Vigilan un iceberg de seis veces el tamaño de Manhattan

Mide 660 kilómetros cuadrados y viaja a una velocidad de tres kilómetros. La gigantesca estructura de hielo se dirige hacia mar abierto y puede resultar peligrosa


 

Científicos están vigilando a uno de los iceberg más grandes que existen actualmente. Cubre cerca de 660 kilómetros cuadrados, es decir, aproximadamente seis veces el tamaño de Manhattan, y tiene un grosor de hasta 500 metros.
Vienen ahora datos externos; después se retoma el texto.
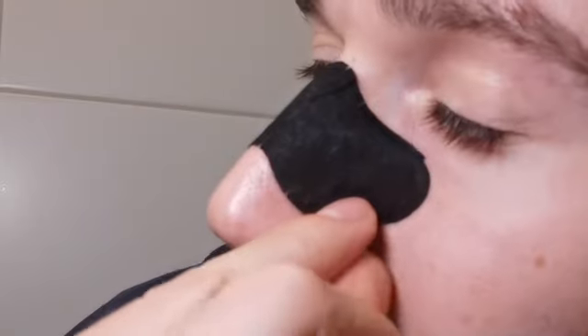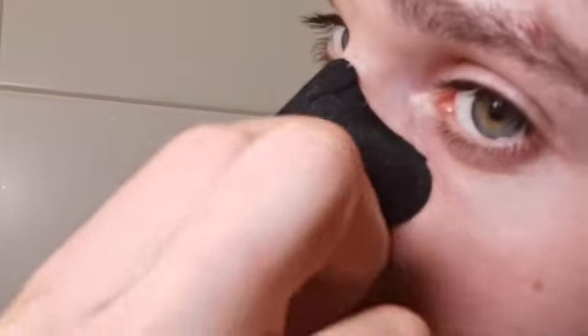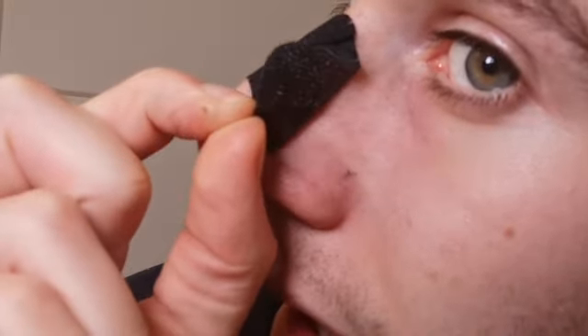I use them on a weekly basis just to make my skin appear more healthy and also actually be more healthy. To use them, just like regular pore strips, you wet the area of your face and prepare the pore strip by removing the plastic.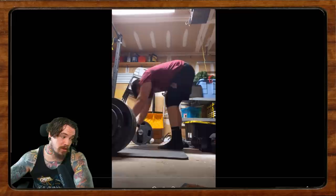Remember, the Calgary Barbell Training App is on sale till the end of tonight only. We'll see everybody next week for Form Check Friday. Bye bye!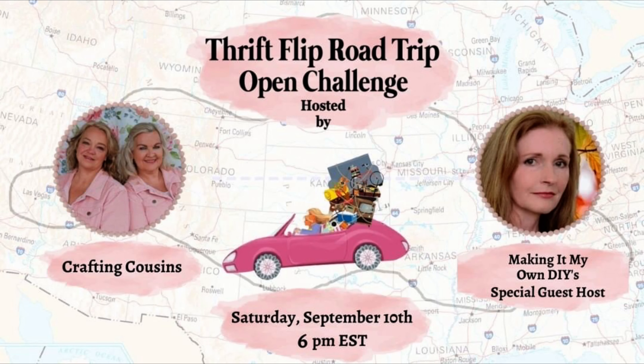Like I mentioned, this video is part of a really fun open playlist — the Thrift Flip Road Trip, hosted by Trish and Kaye over at the Crafting Cousins, and Brandy is their special host from Making It My Own DIYs. Both of those channels will be listed below for you to check out along with the playlist. I am Teresa joining this road trip from Orlando, Florida. I hope you guys will stick around if you like this kind of decor and DIYs. I do these projects as well as some really beautiful ocean resin projects. Please hit that subscribe button, give me a thumbs up, and let's get back into our projects.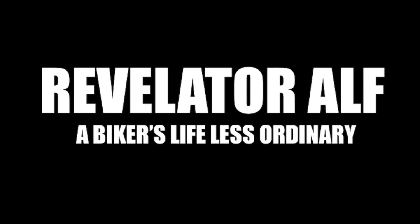Gerbing batteries for your heated motorcycle gloves — XRLs. Hello, welcome to Revelator Alpha. I hope you're all well in these testing times and cold times going through the winter here.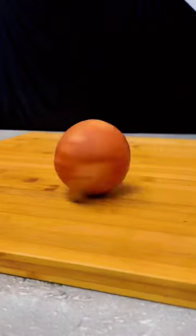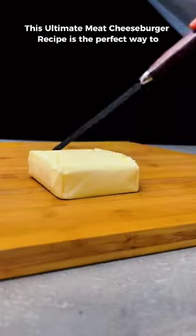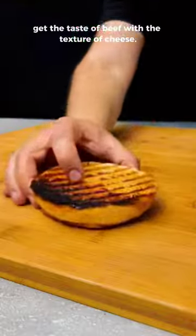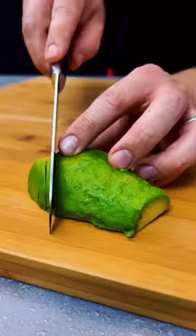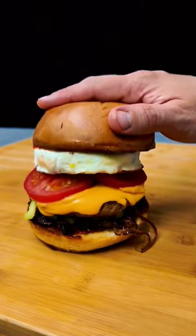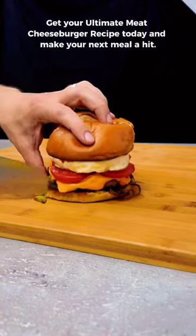It's time to get your burger on and make it a meal to remember. This ultimate meat cheeseburger recipe is the perfect way to get the taste of beef with the texture of cheese. It is the ultimate combination of flavors that will leave you wanting more. Get your ultimate meat cheeseburger.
Conocida como B31, esta gigante estructura de hielo se separó del Glaciar de Pine Island, en la Antártida, en noviembre y ahora se dirige hacia mar abierto.

"Es lo suficientemente grande como para que amerite vigilarlo", dijo la glacióloga de la NASA Kelly Brunt, destacando que organizaciones del gobierno de Estados Unidos, incluido el Centro Nacional del Hielo, están observando a decenas de icebergs en todo momento.
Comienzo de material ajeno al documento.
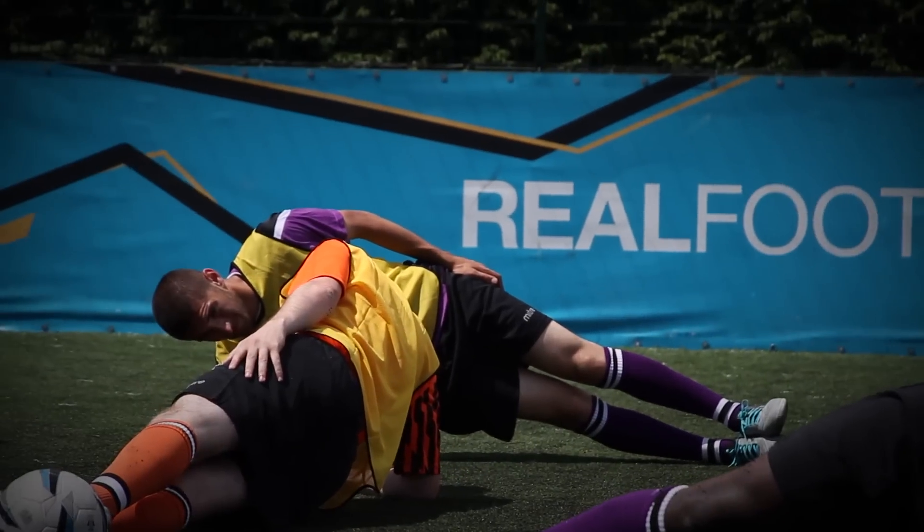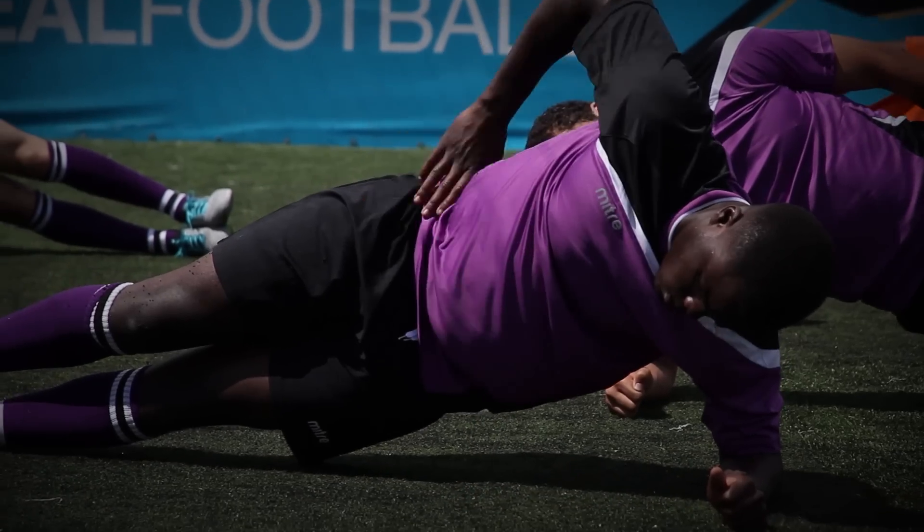They've all got their hands up. Five, four, three, two, one — and relax.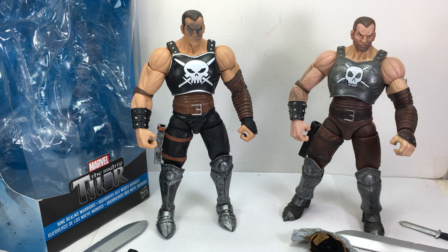Hope you've enjoyed this little video review. This has been the Marvel Legends series, The Mighty Thor from Thor Ragnarok, wave of Hulk Build-A-Figure figures, Nine Realms Warriors, Ares. Thanks for watching.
El iceberg actualmente no se encuentra en una zona que sea muy transitada por barcos. "No hay mucho tráfico marino allí. No estamos particularmente preocupados sobre las rutas de navegación. Sabemos dónde están todos los grandes", afirmó.
Es lo suficientemente grande como para que amerite vigilarlo”, dijo la glacióloga de la NASA Kelly Brunt

Los científicos están especialmente interesados en este iceberg, no sólo debido a su tamaño, sino porque se originó en una zona inesperada, dijo Brunt. "Es como un gran pedazo de bizcocho flotando por el Océano Antártico", agregó.

La grieta del glaciar que creó el iceberg fue detectada inicialmente en 2011, según Brunt, quien es científica del Centro de Vuelo Espacial Goddard de la NASA y de la Universidad de Morgan State en Maryland.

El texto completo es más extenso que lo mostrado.